I have heard "Relax. Calm down. Let go." more often than I can remember. And I dutifully engage my concept of relax to the level I'm capable. But why relax? What's the purpose of relax?

Last night, while standing at my kitchen sink washing vegetables, my mind somehow turned to this question and some answers "just occurred to me". (See Framing Your Zhan Zhuang Practice about asking questions.) Here's the ideas I was tossing around...

At one level, there is the physiological knowledge that too much stress and tension constricts blood flow, pinches nerves, and is generally not good while relaxing allows more free flow and in turn, better health.

At an internal martial art level, one purpose of relax is to allow the weight to be more fully carried in the legs, creating a more stable structure. See Tai chi - Bottom Heavy, Top Light.

And then the insight I had was that as I go deeper into focusing internally on relaxing my musculature, what I'm actually doing is integrating more and more of my mind into my body which yields a different result than "just" relaxing. This led me to the idea that relax can be more than a result. Relax can also be a method.

Then I recalled, "The method is not the truth. Once you get the feeling, get rid of the method." So I wondered, if relax can be a method, and the method is not the truth, then what is the resultant feeling? Maybe relax is the finger pointing at the moon and not the moon itself.

At one level, relax remains a feeling to compare to tense or less relaxed. For example, "My lower back feels more relaxed now."

At another level, and what occurred to me is, the resultant feeling feels more... something. More mind-full? More integrated? More in-my-body feeling? I don't know what words to use to describe this kinesthetic feeling.
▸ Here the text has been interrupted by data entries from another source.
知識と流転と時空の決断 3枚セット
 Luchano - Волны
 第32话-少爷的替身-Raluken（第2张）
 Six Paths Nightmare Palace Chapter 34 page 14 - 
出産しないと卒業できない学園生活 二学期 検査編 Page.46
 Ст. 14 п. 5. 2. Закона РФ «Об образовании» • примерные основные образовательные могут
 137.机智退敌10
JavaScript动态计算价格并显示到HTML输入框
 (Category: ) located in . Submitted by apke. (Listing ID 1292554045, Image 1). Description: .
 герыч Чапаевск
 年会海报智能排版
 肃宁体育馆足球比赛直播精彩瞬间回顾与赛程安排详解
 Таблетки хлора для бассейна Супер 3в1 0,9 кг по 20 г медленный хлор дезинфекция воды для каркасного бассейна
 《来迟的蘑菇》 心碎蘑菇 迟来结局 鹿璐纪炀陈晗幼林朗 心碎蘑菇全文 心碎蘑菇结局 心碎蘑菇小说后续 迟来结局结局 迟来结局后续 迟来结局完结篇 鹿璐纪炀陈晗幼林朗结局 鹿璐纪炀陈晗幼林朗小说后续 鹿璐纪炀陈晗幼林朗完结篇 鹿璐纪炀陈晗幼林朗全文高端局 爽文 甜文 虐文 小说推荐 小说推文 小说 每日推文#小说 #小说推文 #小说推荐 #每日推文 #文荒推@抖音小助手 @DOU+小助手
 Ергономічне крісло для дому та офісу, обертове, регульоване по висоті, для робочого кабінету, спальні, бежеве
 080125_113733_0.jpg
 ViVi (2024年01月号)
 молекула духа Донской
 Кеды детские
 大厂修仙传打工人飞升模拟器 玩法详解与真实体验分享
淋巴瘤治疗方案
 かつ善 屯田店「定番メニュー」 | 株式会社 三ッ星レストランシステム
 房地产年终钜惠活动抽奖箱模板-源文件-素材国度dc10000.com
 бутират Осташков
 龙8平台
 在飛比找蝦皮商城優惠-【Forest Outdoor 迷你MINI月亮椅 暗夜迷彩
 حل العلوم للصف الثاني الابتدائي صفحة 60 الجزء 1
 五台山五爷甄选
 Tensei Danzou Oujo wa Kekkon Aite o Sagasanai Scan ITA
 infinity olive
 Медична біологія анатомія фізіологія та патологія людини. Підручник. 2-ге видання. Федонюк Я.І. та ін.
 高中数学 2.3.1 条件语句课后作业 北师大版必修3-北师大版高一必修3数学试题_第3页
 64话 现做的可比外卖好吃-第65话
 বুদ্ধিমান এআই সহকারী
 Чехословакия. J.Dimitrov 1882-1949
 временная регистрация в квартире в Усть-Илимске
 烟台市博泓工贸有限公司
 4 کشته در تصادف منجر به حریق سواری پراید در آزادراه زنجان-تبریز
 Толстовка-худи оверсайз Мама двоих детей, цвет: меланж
And then I thought about the apparent contradiction that relaxing leads to internal strength.

If I frame relax as a limp, mind-less, noodly feeling, then I don't see how this relax leads to internal strength.

But if I frame relax as a method which integrates mind and body and allows the possibility of developing body-mind-full-ness, then maybe there's no contradiction after all. Why relax? Because maybe relax (the method and the feeling) is a key to a door. But how this integration results in such sturdiness is still a mystery to me.

Does this make any sense? How would you describe your experience or practice with relax?